Research: Feline palatability and the shape of kibble
Take a closer look at AFB's palatability research in Kristopher Figge's 2011 Petfood Forum PowerPoint presentation, "Kibble Shape and Its Effect on Feline Palatability."
Palatability enhancers, as the name indicates, are used to affect taste, smell and texture of petfoods to increase their desirability to companion animals. Palatability is critical for manufacturers to consider when formulating a nutritionally balanced petfood. Foods for dogs and cats can be made more palatable through various means, such as an adjustment in acidity. High-intensity, savory-based palatants that utilize meat, marine, cheese and liver-based ingredients are used for enhancement purposes as well. Palatability enhancers can be used either as the sole palatant in a formula or in conjunction with meat-based enhancers to provide the best value and palatability to the petfood formulator. So, what's out there, what do they promise and what's worth checking out?
In Kristopher Figge's 2011 Petfood Forum presentation, "Kibble Shape and its Effect on Feline Palatability," the AFB International senior scientist and technical services manager shared some of the palatant company's latest research. Unlike dogs, cats tend to avoid spoilage aromas, while surface texture and size of kibble play a large role in what foods felines find palatable. AFB then researched whether or not kibble shape affected the palatability of dry cat foods.

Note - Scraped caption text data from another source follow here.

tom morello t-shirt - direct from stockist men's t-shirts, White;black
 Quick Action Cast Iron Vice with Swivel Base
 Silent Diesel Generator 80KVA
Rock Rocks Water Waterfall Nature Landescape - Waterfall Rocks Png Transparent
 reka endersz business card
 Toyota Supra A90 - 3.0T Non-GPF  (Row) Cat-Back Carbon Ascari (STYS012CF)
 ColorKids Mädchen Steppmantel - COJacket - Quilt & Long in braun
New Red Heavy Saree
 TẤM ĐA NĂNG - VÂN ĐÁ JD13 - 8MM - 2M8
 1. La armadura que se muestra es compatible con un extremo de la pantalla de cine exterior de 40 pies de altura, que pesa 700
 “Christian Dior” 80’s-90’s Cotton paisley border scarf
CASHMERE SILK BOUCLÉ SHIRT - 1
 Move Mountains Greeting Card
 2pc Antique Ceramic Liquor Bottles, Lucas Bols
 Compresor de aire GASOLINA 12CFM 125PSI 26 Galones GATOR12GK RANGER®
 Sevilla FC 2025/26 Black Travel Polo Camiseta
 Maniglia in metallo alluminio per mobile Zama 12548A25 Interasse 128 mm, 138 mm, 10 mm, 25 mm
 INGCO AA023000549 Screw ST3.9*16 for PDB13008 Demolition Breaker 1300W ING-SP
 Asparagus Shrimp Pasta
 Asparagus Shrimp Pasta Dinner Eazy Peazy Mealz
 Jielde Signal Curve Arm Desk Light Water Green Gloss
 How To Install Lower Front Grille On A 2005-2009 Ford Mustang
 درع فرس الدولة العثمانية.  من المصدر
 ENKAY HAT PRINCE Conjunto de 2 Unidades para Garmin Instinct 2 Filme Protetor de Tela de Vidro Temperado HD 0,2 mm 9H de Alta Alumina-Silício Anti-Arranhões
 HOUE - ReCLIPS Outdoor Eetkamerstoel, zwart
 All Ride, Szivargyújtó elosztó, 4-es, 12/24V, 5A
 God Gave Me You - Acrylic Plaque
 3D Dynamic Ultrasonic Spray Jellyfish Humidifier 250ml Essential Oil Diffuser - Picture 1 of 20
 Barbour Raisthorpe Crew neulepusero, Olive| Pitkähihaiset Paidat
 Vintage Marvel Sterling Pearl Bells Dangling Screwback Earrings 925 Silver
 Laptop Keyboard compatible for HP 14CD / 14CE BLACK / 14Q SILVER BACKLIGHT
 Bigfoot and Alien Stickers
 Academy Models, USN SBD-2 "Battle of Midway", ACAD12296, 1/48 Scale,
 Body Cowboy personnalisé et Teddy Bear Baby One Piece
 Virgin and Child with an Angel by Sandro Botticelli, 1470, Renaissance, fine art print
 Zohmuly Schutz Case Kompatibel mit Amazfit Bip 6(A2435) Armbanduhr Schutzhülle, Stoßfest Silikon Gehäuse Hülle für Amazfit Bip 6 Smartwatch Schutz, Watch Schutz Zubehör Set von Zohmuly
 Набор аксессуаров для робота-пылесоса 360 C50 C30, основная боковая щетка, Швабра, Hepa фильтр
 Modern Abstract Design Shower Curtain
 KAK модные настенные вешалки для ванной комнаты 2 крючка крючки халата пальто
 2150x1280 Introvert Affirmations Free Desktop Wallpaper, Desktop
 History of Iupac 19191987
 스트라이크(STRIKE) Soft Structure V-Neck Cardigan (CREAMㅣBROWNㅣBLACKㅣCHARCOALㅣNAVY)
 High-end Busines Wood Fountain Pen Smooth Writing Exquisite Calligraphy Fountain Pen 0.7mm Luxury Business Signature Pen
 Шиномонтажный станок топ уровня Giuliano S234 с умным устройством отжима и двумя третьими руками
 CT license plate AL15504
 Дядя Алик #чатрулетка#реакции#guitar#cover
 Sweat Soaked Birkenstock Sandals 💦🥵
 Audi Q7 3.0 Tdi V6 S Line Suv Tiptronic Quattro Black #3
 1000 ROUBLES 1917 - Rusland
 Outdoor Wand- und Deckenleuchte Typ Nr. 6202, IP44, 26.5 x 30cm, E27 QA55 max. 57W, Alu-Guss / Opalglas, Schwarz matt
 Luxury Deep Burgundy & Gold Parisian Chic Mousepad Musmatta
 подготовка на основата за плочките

AFB researchers used common kibble shapes like the cross, triangle, flat disc and cylinder as the variables in the study. Figge and his collegues found that kibble shape was the primary driver for palatability while texture across a given range was not. The flat disc had mid-range texture scores and was the most preferred shape by cats. The cylinder was outside the range and was least preferred. The highly preferred disc-shape is not only easy to extrude, it is also durable, has less fines than other shapes and also has a greater surface area.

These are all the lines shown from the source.